### WHAT TO WORK ON
Among the entries below, which lines run from the line with "gufrina Rayon Solid" through the line with "Sendikacılık Dersi 2013"? Retype those, both ends included, exactly and without pictures.

### AVAILABLE RECORDS
--------------------

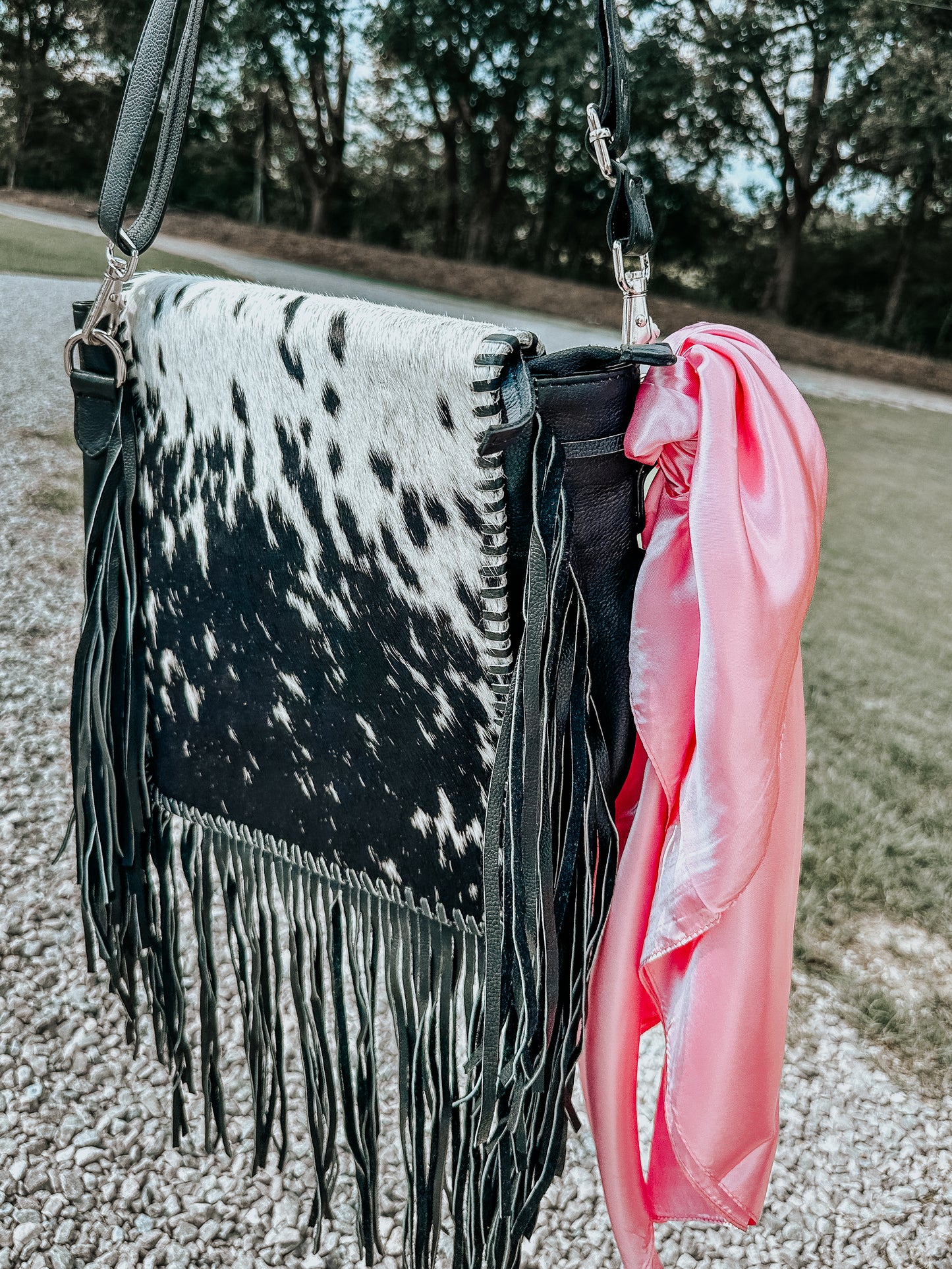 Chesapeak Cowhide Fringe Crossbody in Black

--------------------

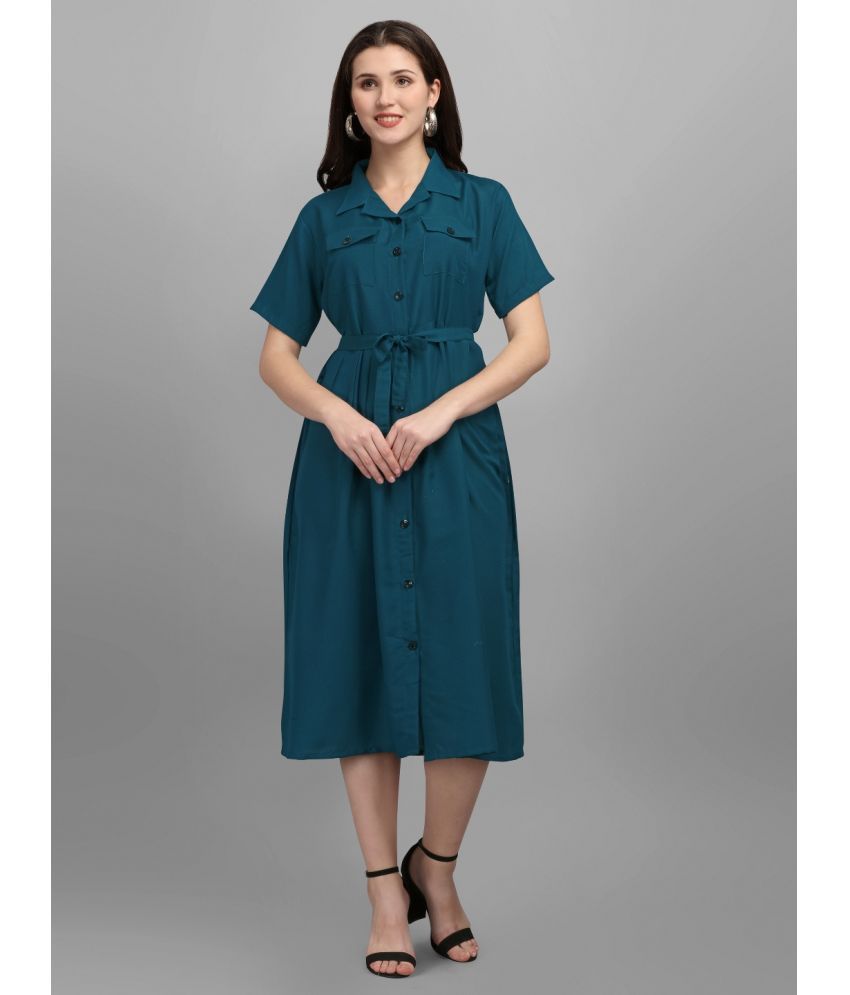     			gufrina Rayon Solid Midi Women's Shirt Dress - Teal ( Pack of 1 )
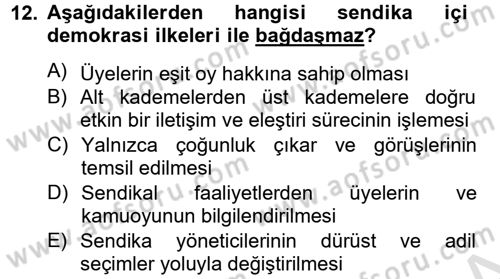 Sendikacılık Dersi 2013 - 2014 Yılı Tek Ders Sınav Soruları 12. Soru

--------------------

### OUTPUT FOR THIS TASK
     			gufrina Rayon Solid Midi Women's Shirt Dress - Teal ( Pack of 1 )
 Sendikacılık Dersi 2013 - 2014 Yılı Tek Ders Sınav Soruları 12. Soru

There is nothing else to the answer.